ZaidQureshi / bam

BSD 2-Clause "Simplified" License
128 stars 32 forks source link

[ioctl_map] Page mapping kernel request failed (ptr=0x7fcef2820000, n_pages=1): Invalid argument, when running nvm-block-bench #42

Open AkhilSrinivasSolidigm opened 3 days ago

AkhilSrinivasSolidigm commented 3 days ago

Describe the bug

[ioctl_map] Page mapping kernel request failed (ptr=0x7fcef2820000, n_pages=1): Invalid argument, when running nvm-block-bench when running sudo ./bin/nvm-block-bench --threads=262144 --blk_size=64 --reqs=1 --pages=262144 --queue_depth=1024 --page_size=512 --num_blks=2097152 --gpu=0 --n_ctrls=1 --num_queues=128 --random=false

To Reproduce After successfully following all steps to install BaM with no errors, loading drive with make load

root@xxxx:~/GIDS/bam/build/module# ls -l /dev | grep libnvm crwxrwxrwx 1 root root 506, 0 Oct 22 10:21 libnvm0

Drive loaded successfully Command: dmesg | tail -10 Output: [ 456.310326] Adding controller device: c8:00.0 [ 456.310550] Character device /dev/libnvm0 created (506.0) [ 456.310610] libnvm helper loaded

Now running sudo ./bin/nvm-block-bench --threads=262144 --blk_size=64 --reqs=1 --pages=262144 --queue_depth=1024 --page_size=512 --num_blks=2097152 --gpu=0 --n_ctrls=1 --num_queues=128 --random=false

Gives [ioctl_map] Page mapping kernel request failed (ptr=0x7fcef2820000, n_pages=1): Invalid argument Unexpected error: Failed to map device memory: Invalid argument

dmesg after failure: Oct 22 10:31:15 kernel: [ 1028.550861] Unknown ioctl command from process 2389: 1075347458 Oct 22 10:31:54 kernel: [ 1067.493923] Unknown ioctl command from process 2400: 1075347458

Expected behavior To run successfully without failures.

Machine Setup (please complete the following information):

Additional context

Ensured nvcc and cuda are same version : root@xxxx:~/GIDS/bam/build# nvcc --version nvcc: NVIDIA (R) Cuda compiler driver Copyright (c) 2005-2024 NVIDIA Corporation Built on Thu_Mar_28_02:18:24_PDT_2024 Cuda compilation tools, release 12.4, V12.4.131 Build cuda_12.4.r12.4/compiler.34097967_0

uname -a :

Linux 5.8.0-050800-generic #202008022230 SMP Sun Aug 2 22:33:21 UTC 2020 x86_64 x86_64 x86_64 GNU/Linux

msharmavikram commented 3 days ago

Is this a workstation or desktop system? If yes, this may be bit more tricky.

I wonder if GPUdirect is supported in the platform. If it's not, BaM won't work.

AkhilSrinivasSolidigm commented 3 days ago

This is a workstation and have previously run GPUDirect but on a different OS. Is GDS and MLNX with NVMe a requirement for BaM support?
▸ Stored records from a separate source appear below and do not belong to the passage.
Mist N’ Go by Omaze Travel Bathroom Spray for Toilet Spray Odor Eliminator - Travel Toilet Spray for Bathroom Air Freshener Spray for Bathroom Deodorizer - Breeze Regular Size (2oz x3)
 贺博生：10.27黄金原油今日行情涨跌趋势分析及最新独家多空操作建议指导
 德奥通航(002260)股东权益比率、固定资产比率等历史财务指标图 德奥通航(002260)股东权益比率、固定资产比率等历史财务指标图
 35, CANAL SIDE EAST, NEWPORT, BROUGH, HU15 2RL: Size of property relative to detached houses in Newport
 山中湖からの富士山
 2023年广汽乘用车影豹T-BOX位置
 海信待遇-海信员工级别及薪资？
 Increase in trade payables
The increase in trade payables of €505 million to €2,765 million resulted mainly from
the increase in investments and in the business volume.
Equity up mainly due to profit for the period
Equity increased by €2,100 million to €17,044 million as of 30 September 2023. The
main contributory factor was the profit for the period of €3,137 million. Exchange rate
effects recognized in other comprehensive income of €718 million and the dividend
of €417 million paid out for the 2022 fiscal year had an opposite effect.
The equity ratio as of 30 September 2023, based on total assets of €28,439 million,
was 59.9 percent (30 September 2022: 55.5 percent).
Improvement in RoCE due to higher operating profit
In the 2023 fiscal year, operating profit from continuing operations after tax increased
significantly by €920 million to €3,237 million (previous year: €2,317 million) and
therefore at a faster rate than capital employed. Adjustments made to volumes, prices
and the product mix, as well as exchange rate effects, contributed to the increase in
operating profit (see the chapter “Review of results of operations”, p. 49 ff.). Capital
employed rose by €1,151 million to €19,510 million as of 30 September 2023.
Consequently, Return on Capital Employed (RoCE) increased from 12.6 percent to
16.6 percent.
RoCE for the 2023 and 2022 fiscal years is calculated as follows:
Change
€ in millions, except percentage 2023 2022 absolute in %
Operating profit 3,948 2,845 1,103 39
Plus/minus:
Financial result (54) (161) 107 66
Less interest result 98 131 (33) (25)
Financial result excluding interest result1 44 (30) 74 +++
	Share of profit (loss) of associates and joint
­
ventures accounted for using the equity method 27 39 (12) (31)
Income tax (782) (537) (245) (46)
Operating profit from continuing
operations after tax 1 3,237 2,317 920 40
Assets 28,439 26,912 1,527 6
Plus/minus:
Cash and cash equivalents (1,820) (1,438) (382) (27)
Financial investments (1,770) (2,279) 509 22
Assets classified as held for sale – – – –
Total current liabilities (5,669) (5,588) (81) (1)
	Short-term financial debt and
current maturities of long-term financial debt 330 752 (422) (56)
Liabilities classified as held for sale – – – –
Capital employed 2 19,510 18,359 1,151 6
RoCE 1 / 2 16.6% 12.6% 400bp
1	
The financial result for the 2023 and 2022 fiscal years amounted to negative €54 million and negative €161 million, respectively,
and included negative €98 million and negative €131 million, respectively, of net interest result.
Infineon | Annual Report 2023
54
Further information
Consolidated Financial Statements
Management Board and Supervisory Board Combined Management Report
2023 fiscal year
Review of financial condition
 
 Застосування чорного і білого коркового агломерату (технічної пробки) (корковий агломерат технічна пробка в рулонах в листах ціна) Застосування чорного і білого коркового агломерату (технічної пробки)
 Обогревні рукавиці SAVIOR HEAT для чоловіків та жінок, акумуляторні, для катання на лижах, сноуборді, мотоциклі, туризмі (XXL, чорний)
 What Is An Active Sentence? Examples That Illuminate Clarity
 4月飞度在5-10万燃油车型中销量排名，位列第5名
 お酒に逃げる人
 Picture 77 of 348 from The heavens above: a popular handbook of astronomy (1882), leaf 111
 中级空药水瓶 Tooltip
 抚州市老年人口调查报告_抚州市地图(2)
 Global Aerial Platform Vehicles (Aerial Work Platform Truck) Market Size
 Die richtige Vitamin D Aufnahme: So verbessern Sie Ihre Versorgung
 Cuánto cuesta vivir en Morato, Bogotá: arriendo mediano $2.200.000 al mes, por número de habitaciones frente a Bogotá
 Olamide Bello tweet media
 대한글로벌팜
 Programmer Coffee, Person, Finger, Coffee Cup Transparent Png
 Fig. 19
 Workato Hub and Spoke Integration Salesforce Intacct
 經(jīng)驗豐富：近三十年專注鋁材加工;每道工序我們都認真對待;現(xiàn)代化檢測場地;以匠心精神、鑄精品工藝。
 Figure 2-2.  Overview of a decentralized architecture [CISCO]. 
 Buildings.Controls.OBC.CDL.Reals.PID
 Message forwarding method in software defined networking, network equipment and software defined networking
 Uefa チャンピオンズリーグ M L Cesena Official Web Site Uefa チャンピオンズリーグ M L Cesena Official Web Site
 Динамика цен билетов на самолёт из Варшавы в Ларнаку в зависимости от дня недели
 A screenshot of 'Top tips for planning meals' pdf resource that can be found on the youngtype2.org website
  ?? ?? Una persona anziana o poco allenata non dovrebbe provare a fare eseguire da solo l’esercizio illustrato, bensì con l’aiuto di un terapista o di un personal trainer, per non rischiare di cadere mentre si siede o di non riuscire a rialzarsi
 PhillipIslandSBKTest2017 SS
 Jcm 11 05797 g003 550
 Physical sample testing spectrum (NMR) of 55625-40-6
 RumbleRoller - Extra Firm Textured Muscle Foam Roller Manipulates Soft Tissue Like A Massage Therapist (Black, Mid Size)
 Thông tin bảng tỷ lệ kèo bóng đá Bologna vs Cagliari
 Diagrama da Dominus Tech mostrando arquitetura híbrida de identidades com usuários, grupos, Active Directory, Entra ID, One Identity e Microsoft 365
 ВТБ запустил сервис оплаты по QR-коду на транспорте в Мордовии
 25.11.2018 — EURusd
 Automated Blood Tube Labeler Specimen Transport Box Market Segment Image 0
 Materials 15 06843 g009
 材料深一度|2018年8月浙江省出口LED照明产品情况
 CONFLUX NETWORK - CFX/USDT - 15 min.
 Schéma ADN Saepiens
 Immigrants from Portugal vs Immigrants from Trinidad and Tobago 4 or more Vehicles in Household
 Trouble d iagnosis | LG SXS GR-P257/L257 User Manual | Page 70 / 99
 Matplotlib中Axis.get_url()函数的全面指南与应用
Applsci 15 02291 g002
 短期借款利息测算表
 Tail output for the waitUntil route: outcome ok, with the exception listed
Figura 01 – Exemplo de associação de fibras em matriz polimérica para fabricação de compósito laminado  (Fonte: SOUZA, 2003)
msharmavikram commented 2 days ago

No. GDS will work without GPUDirect in compact mode. BaM has no notion of compact mode.

AkhilSrinivasSolidigm commented 2 days ago

Is there any other logs or setup information I can provide to debug this issue? I've tried RHEL 9.2 as well with the same issue. Different drives too. Do you have any recommendations or feedback regarding the setup?

msharmavikram commented 2 days ago

Unsure as this is entering a specific system-specific feature and something that we never accounted for.

We only know what it takes based on what we described here - https://github.com/ZaidQureshi/bam?tab=readme-ov-file#hardwaresystem-requirements

We cannot support all the universal system configurations. Your team member Wayne already has brought up BaM and would recommend working closely with him.